- **Exercise aim**
Starting at the line holding "Used Skoda Octavia" and finishing at the line holding "9019 Comal Street B Property Photo 12", transcribe the material exactly, keeping both ends but no pictures.

- **Data to examine**
----

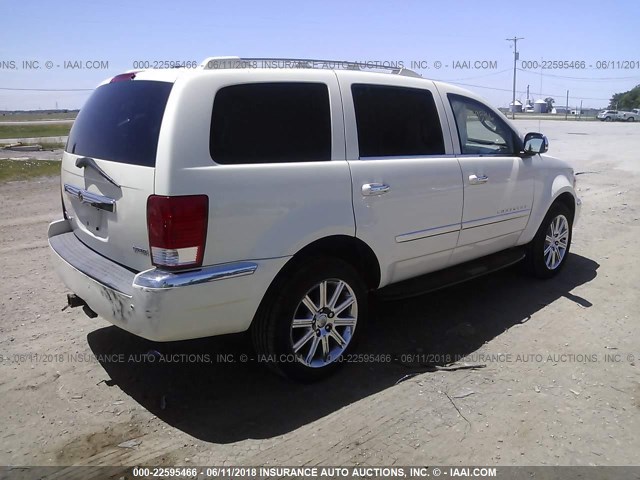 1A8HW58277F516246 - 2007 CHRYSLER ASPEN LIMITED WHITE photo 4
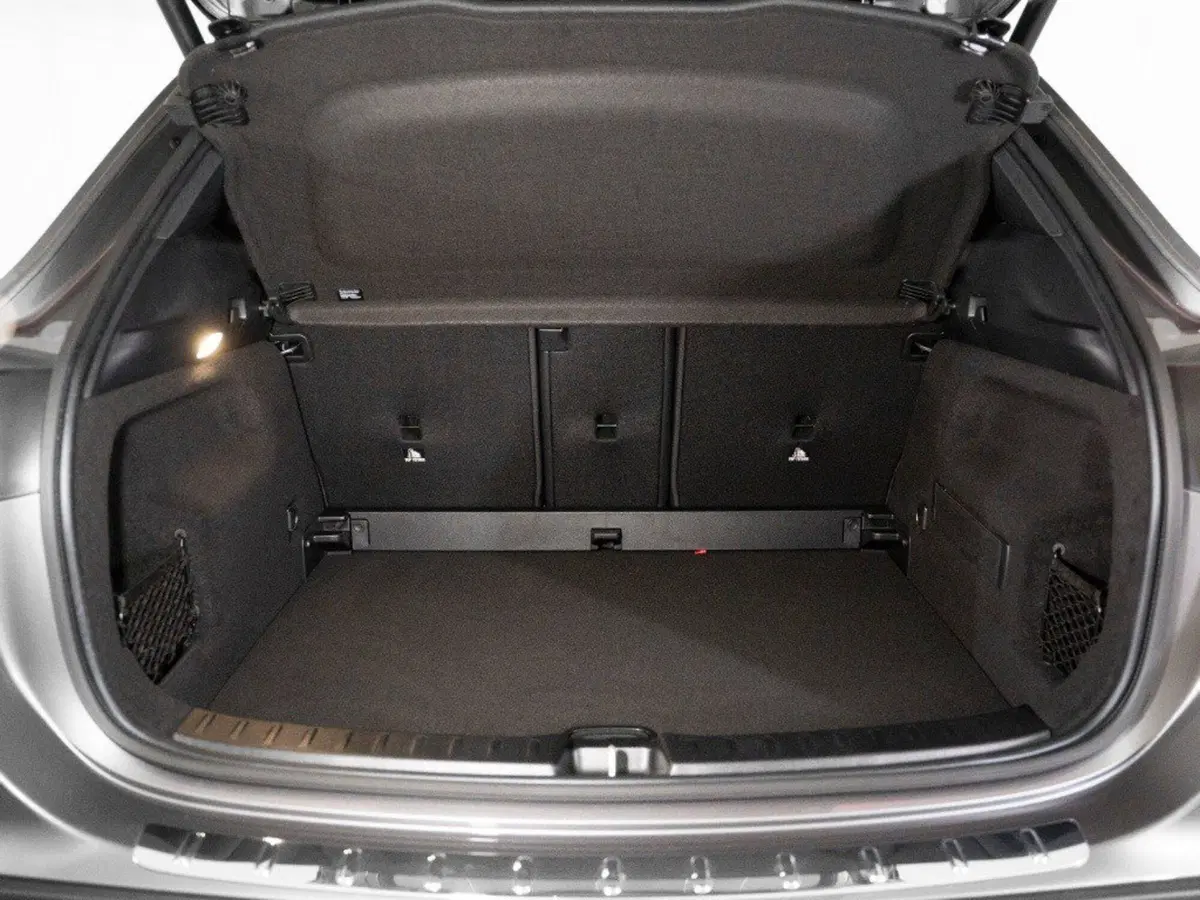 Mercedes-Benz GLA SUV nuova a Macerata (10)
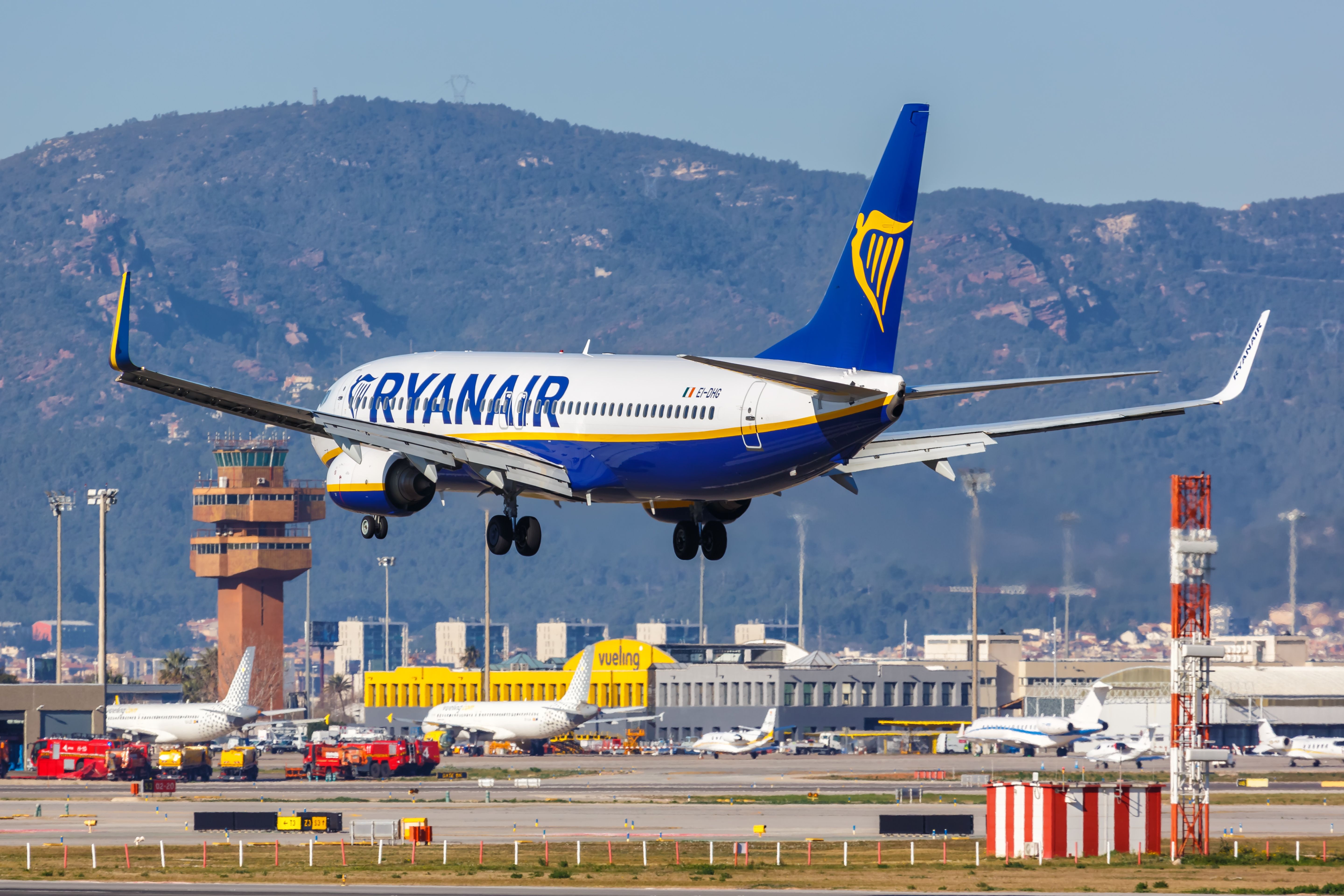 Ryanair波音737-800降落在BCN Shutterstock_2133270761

----

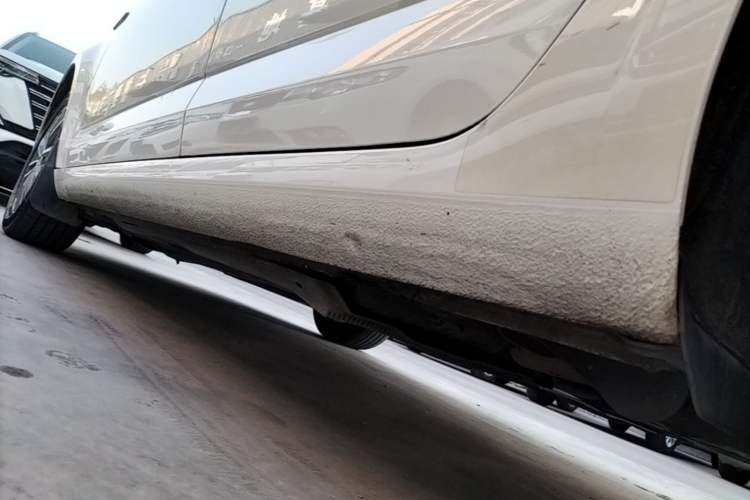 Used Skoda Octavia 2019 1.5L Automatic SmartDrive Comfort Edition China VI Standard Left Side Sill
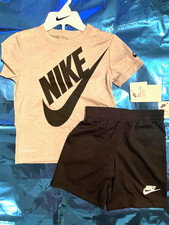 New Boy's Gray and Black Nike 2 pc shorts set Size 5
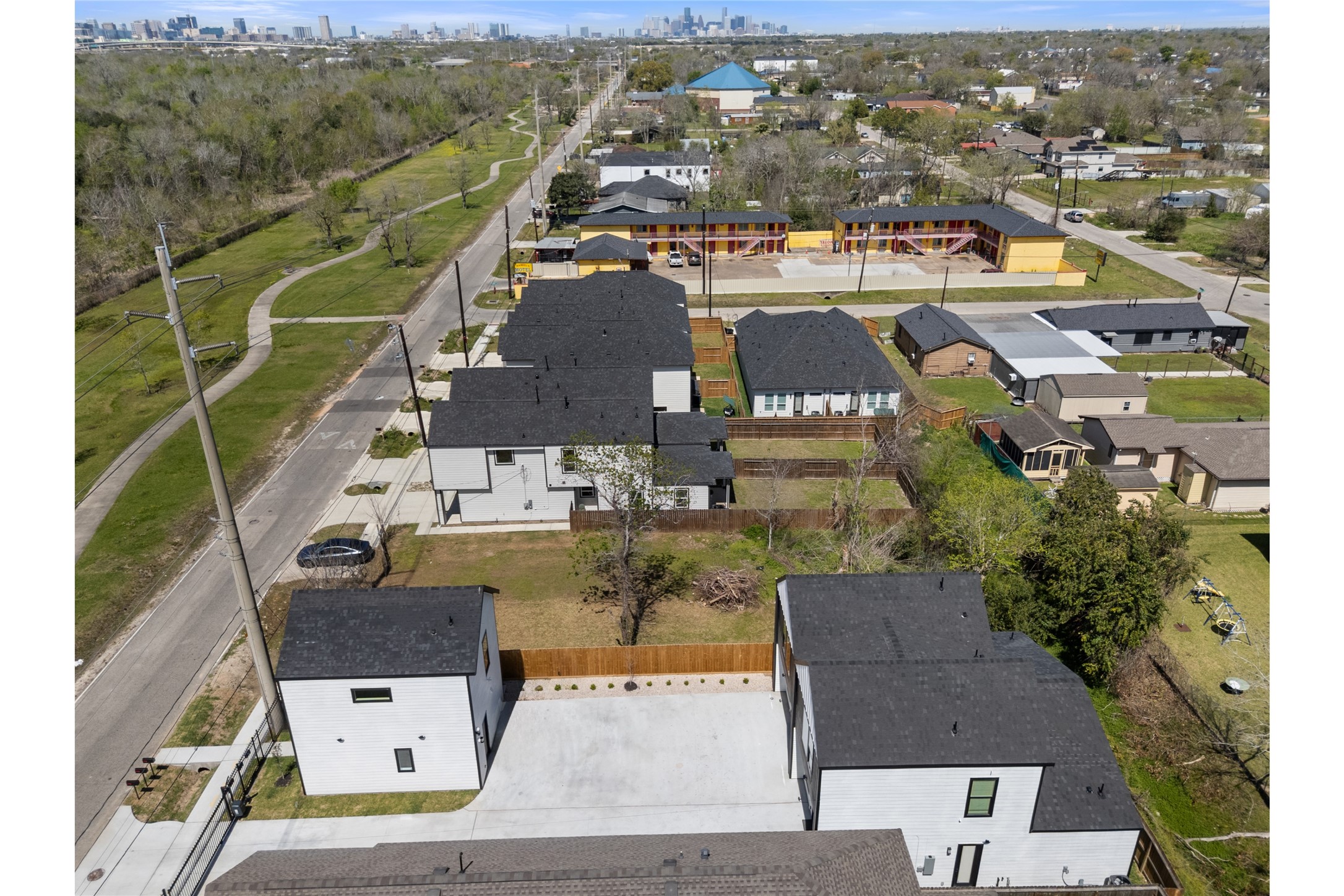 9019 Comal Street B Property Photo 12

----

- **Answer box**
 Used Skoda Octavia 2019 1.5L Automatic SmartDrive Comfort Edition China VI Standard Left Side Sill
 New Boy's Gray and Black Nike 2 pc shorts set Size 5
 9019 Comal Street B Property Photo 12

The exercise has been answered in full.